PARIS, FRANCE -- For the first time in history manmade materials now likely outweigh all life on Earth, scientists said Wednesday in .
The weight of roads, buildings and other constructed or manufactured materials is doubling roughly every 20 years, and authors of the research said it currently weighed 1.1 teratonnes (1.1 trillion tonnes).
As mankind has ramped up its insatiable consumption of natural resources, the weight of living biomass -- trees, plants and animals -- has halved since the agricultural revolution to stand at just 1 teratonne currently, the study found.
Estimating changes in global biomass and manmade mass since 1990, the research showed that the mass of human-produced objects stood at just three percent of the weight of biomass at the start of the 20th century.
But since the post-Second World War global production boom, manufacturing has surged to the extent that humans now produce the equivalent of the weight of every person on Earth every week on average.
2020 likely marked the moment when manmade mass tipped higher than biomass, according to the study published in Nature.
"This study provides a sort of 'big picture' snapshot of the planet in 2020," said co-author Ron Milo of the Plant and Environmental Sciences Department at Israel's Weizmann Institute of Science.
"We hope that once we have these somewhat shocking figures before our eyes, we can as a species take responsibility."
Drawing on a host of industrial and ecological data, the study estimated human production accounts for roughly 30 gigatonnes annually.
At the current growth rate, manmade material is likely to weigh as much as three teratonnes by 2040.
At the same time, overall biomass is decreasing, mainly because of deforestation and land use changes making way for intensive agriculture.

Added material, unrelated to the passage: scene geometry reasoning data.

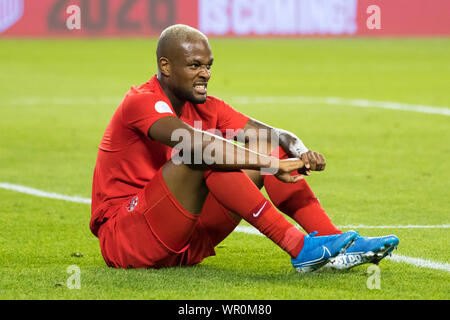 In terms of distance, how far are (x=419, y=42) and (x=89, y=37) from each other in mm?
9711

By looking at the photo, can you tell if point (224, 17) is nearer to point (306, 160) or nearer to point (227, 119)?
point (227, 119)

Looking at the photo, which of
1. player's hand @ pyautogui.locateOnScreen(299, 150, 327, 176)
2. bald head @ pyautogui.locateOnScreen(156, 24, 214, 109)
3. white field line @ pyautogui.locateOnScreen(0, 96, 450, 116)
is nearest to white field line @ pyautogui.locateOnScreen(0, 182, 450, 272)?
player's hand @ pyautogui.locateOnScreen(299, 150, 327, 176)

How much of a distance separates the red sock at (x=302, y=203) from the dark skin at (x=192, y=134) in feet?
0.34

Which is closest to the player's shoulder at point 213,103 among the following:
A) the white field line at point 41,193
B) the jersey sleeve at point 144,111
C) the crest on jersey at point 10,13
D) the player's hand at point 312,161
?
the jersey sleeve at point 144,111

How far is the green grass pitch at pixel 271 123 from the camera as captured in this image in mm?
4812

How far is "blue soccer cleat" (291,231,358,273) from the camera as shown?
15.7 ft

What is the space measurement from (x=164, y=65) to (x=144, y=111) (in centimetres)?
35

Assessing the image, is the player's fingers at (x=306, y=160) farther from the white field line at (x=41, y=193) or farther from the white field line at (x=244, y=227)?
the white field line at (x=41, y=193)

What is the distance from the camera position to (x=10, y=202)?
7.34 metres

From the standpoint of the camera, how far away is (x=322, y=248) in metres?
4.82

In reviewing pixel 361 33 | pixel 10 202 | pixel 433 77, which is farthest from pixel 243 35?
pixel 10 202

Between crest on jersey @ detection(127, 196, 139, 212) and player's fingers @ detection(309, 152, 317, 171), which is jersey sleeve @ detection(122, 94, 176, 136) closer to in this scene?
crest on jersey @ detection(127, 196, 139, 212)

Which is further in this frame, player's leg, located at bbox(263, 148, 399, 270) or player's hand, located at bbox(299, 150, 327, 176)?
player's leg, located at bbox(263, 148, 399, 270)

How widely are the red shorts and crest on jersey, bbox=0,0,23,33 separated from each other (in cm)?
2271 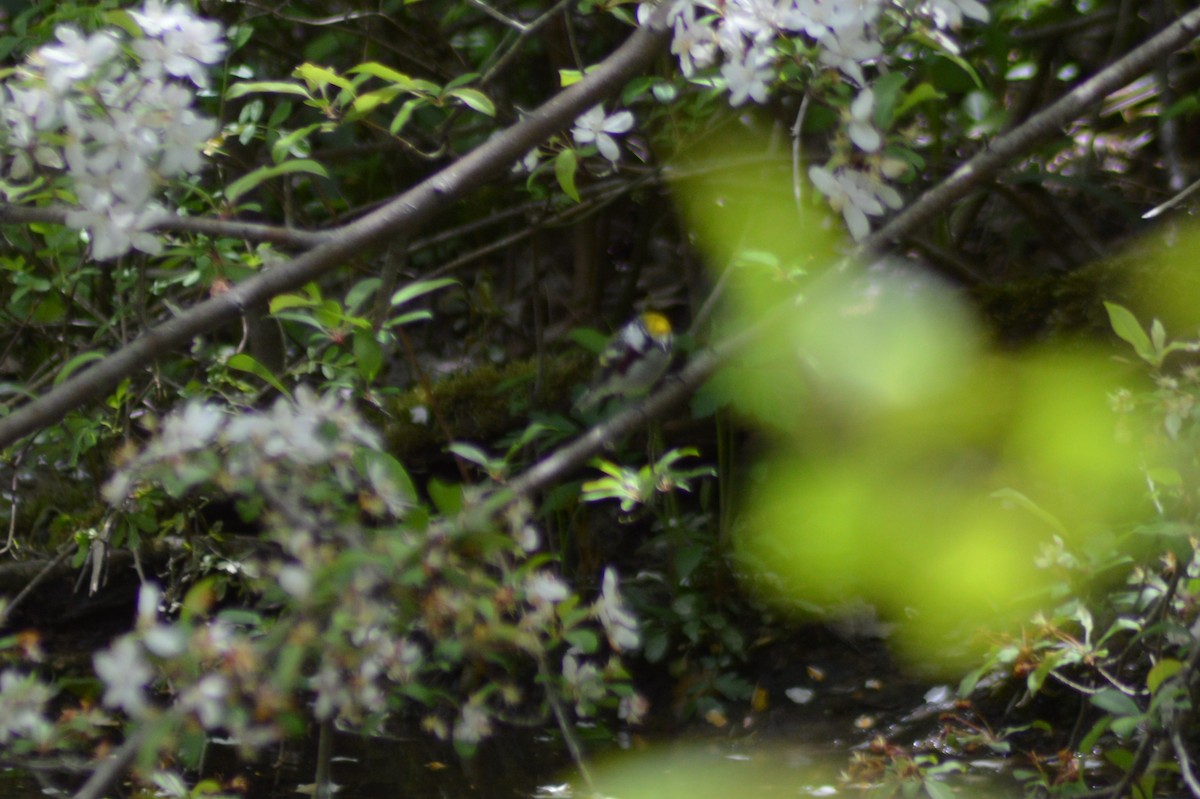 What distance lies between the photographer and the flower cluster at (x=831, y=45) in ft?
3.78

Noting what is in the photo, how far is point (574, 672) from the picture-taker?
1.39m

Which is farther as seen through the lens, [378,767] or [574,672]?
[378,767]

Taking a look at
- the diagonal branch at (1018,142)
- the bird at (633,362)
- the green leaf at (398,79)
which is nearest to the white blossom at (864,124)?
the diagonal branch at (1018,142)

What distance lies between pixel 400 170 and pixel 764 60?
1.86m

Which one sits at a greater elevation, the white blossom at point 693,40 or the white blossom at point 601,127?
the white blossom at point 693,40

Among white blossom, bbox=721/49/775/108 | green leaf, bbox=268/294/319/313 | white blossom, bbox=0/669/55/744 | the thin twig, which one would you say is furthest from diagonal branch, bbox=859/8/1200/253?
white blossom, bbox=0/669/55/744

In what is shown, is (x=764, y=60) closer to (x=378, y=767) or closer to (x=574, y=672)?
(x=574, y=672)

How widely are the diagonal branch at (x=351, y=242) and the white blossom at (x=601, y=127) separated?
128 millimetres

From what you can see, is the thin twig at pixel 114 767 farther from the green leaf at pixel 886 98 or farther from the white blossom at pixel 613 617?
the green leaf at pixel 886 98

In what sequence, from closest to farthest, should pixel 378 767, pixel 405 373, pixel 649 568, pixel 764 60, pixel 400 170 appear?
1. pixel 764 60
2. pixel 378 767
3. pixel 649 568
4. pixel 400 170
5. pixel 405 373

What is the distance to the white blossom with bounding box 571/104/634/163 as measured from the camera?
1419 mm

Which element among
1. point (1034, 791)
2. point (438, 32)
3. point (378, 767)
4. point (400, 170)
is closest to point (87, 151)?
point (378, 767)

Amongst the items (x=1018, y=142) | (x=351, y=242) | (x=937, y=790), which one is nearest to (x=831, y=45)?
(x=1018, y=142)

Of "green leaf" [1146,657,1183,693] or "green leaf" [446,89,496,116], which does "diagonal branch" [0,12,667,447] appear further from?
"green leaf" [1146,657,1183,693] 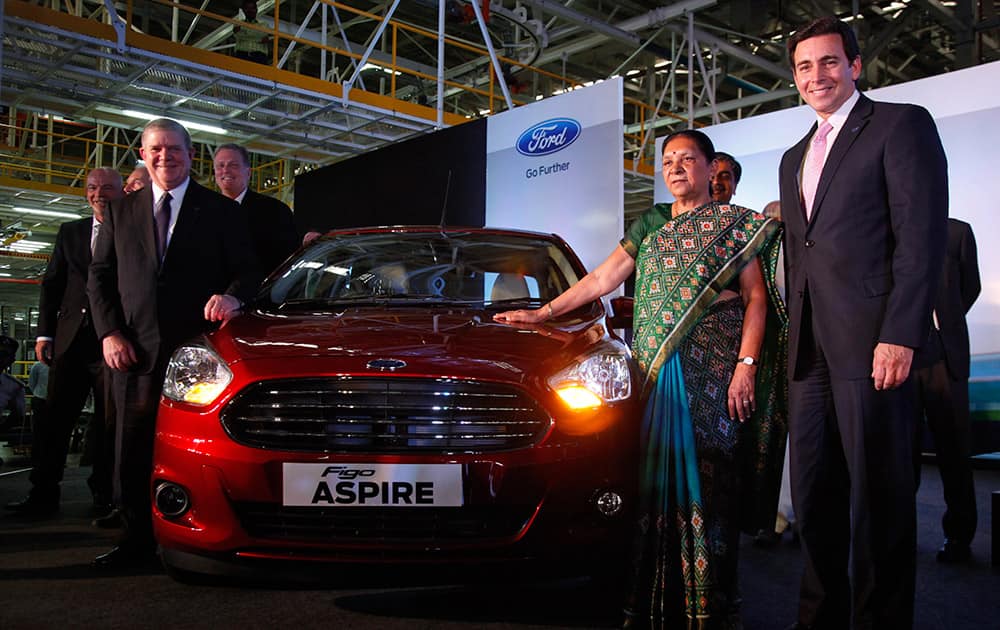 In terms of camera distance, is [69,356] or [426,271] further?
[69,356]

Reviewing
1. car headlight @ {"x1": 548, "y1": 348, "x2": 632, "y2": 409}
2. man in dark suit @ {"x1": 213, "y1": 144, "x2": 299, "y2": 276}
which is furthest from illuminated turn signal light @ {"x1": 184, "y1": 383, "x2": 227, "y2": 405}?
man in dark suit @ {"x1": 213, "y1": 144, "x2": 299, "y2": 276}

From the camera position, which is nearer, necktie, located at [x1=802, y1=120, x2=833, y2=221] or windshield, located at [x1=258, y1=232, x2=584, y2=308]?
necktie, located at [x1=802, y1=120, x2=833, y2=221]

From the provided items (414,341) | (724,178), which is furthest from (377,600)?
(724,178)

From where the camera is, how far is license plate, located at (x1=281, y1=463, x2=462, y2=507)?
6.70 feet

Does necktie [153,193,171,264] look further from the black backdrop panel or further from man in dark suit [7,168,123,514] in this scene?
the black backdrop panel

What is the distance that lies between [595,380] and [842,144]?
0.85 meters

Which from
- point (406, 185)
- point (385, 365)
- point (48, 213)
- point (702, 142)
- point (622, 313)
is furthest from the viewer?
point (48, 213)

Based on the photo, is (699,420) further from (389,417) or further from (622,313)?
(389,417)

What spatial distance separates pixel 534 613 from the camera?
7.94 feet

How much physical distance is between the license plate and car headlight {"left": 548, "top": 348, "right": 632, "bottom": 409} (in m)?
0.35

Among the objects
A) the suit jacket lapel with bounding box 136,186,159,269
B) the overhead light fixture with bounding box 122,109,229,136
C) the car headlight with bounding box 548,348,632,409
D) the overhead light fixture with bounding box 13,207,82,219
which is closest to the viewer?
the car headlight with bounding box 548,348,632,409

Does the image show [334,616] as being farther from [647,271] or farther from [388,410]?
[647,271]

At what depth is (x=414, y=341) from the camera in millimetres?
2295

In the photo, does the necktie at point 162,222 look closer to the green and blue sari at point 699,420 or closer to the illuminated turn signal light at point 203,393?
the illuminated turn signal light at point 203,393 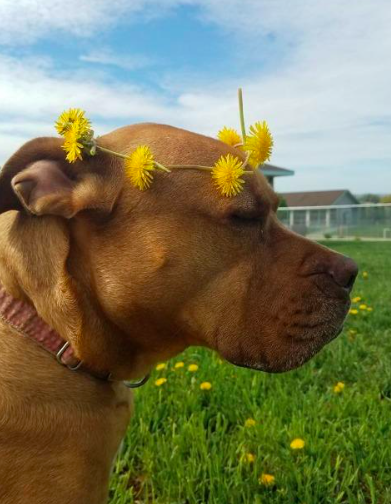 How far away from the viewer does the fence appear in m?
33.9

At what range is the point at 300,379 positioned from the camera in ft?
13.1

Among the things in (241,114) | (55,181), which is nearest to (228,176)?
(241,114)

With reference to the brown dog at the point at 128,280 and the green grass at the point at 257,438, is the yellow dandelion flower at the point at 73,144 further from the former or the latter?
the green grass at the point at 257,438

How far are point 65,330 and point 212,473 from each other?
1.16 meters

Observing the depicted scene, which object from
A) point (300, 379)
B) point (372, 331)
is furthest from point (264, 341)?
point (372, 331)

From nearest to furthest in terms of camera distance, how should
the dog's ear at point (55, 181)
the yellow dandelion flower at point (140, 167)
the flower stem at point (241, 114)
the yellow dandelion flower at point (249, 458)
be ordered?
the dog's ear at point (55, 181) < the yellow dandelion flower at point (140, 167) < the flower stem at point (241, 114) < the yellow dandelion flower at point (249, 458)

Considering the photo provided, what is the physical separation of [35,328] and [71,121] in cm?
86

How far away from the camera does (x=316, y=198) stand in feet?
194

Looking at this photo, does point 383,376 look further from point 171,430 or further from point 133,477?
point 133,477

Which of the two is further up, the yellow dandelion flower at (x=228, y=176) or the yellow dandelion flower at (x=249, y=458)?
the yellow dandelion flower at (x=228, y=176)

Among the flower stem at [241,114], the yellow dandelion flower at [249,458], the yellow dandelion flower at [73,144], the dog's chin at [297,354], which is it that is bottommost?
the yellow dandelion flower at [249,458]

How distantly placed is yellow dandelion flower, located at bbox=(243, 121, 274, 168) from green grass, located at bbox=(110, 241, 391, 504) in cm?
151

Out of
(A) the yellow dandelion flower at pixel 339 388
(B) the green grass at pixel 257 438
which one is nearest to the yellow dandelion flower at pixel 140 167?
(B) the green grass at pixel 257 438

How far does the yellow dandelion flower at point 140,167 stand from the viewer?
228 centimetres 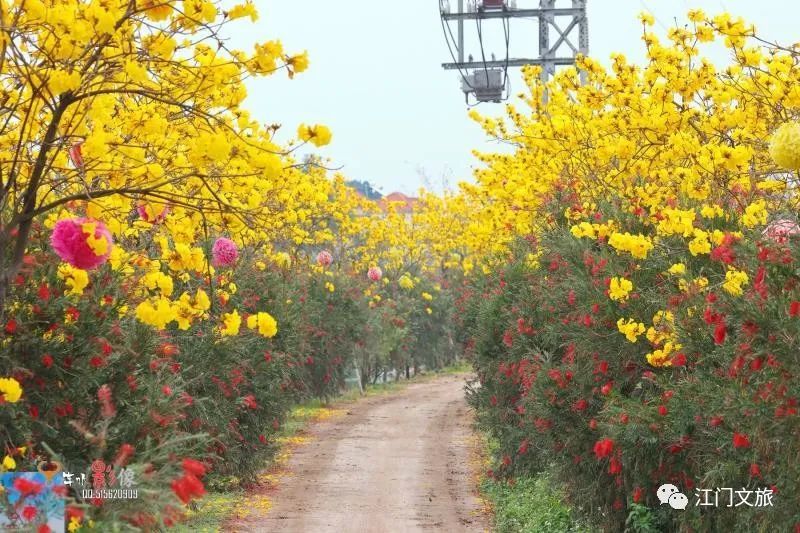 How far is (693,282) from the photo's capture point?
620 cm

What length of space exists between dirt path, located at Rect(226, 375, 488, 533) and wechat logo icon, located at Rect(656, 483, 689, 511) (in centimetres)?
352

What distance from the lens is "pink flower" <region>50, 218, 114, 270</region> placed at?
4453mm

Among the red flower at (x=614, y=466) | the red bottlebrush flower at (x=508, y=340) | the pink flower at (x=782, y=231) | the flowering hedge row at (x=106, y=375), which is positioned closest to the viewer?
the flowering hedge row at (x=106, y=375)

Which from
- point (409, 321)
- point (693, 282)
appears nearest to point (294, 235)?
point (693, 282)

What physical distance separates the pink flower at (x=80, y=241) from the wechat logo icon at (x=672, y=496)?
426 cm

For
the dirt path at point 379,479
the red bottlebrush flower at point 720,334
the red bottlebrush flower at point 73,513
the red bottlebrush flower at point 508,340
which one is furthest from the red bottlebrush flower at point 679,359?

Buildings and roads account for most of the manmade mass, and a number of construction trends -- including shifting from bricks to concrete in construction in the mid-1950s -- contributed to the accelerated weight accumulation.
Lead author Emily Elhacham told AFP that the study provided an indication of humanity's outsized impact on the natural world.
"We can no longer deny our central role in the natural world," she said. "We are already a major player and with that comes a shared responsibility."